====== SUPPLIED MATERIAL
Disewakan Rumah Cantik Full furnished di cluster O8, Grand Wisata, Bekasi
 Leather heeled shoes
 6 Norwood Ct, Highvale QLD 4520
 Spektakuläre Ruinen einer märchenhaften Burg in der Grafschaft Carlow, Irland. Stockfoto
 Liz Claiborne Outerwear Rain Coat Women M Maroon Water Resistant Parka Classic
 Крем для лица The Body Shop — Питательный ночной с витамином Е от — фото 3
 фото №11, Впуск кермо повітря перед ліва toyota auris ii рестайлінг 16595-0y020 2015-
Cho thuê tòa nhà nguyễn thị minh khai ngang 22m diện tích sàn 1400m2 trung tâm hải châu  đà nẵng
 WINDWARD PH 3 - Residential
============
WHAT YOU WILL DO – The job is to copy each line from the material above that holds the word "фото".

OUTPUT BELOW –
 Крем для лица The Body Shop — Питательный ночной с витамином Е от — фото 3
 фото №11, Впуск кермо повітря перед ліва toyota auris ii рестайлінг 16595-0y020 2015-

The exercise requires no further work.